Data to use below:

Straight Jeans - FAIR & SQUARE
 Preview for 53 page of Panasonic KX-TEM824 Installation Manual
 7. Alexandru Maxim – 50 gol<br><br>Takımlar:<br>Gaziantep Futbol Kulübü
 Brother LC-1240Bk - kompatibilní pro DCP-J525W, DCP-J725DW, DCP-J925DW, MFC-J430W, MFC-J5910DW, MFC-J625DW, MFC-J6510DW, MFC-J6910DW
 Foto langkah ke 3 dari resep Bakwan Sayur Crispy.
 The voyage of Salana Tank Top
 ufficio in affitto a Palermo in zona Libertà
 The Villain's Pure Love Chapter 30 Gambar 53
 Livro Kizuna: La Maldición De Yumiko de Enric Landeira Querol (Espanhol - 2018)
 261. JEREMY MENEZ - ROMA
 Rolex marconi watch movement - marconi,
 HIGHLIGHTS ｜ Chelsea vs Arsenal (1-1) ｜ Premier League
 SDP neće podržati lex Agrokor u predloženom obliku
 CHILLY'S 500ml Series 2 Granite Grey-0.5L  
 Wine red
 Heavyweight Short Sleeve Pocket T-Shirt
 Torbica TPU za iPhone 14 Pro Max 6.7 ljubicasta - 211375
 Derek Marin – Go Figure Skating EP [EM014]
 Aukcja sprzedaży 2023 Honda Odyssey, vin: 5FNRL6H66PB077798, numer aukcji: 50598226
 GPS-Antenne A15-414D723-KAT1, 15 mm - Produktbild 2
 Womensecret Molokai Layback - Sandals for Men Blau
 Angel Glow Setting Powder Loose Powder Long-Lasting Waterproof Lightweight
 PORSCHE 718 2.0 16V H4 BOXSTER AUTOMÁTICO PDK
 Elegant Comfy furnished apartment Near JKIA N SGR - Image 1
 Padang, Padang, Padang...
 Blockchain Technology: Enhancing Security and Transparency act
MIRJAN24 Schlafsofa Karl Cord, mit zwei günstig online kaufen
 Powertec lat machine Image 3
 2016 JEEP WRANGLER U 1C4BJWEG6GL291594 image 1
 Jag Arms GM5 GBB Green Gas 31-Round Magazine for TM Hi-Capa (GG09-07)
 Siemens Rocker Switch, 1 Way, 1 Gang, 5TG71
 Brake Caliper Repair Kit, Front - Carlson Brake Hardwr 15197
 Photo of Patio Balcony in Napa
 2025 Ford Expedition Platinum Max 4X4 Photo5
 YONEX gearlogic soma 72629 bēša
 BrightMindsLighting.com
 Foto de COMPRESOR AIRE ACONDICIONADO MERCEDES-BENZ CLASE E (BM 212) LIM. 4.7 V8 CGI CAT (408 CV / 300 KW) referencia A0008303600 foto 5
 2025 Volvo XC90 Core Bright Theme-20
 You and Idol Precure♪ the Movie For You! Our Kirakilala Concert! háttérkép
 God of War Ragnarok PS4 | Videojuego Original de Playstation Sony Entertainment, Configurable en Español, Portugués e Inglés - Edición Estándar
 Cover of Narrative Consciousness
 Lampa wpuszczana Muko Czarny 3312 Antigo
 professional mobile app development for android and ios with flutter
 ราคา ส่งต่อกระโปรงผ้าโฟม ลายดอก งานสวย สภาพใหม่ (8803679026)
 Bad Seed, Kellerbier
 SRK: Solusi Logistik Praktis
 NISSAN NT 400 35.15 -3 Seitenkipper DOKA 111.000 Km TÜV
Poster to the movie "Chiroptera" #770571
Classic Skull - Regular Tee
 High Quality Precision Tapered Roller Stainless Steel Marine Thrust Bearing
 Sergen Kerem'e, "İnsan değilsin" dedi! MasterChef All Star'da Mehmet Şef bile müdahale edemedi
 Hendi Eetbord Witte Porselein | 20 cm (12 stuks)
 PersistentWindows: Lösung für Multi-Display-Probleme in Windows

End of Data to use.

## Required action
Copy the lines of the data above exactly as written, beginning with the line containing "7. Alexandru Maxim" and ending with the line containing "Foto langkah ke", and leave out all other lines.

## Finished exercise
 7. Alexandru Maxim – 50 gol<br><br>Takımlar:<br>Gaziantep Futbol Kulübü
 Brother LC-1240Bk - kompatibilní pro DCP-J525W, DCP-J725DW, DCP-J925DW, MFC-J430W, MFC-J5910DW, MFC-J625DW, MFC-J6510DW, MFC-J6910DW
 Foto langkah ke 3 dari resep Bakwan Sayur Crispy.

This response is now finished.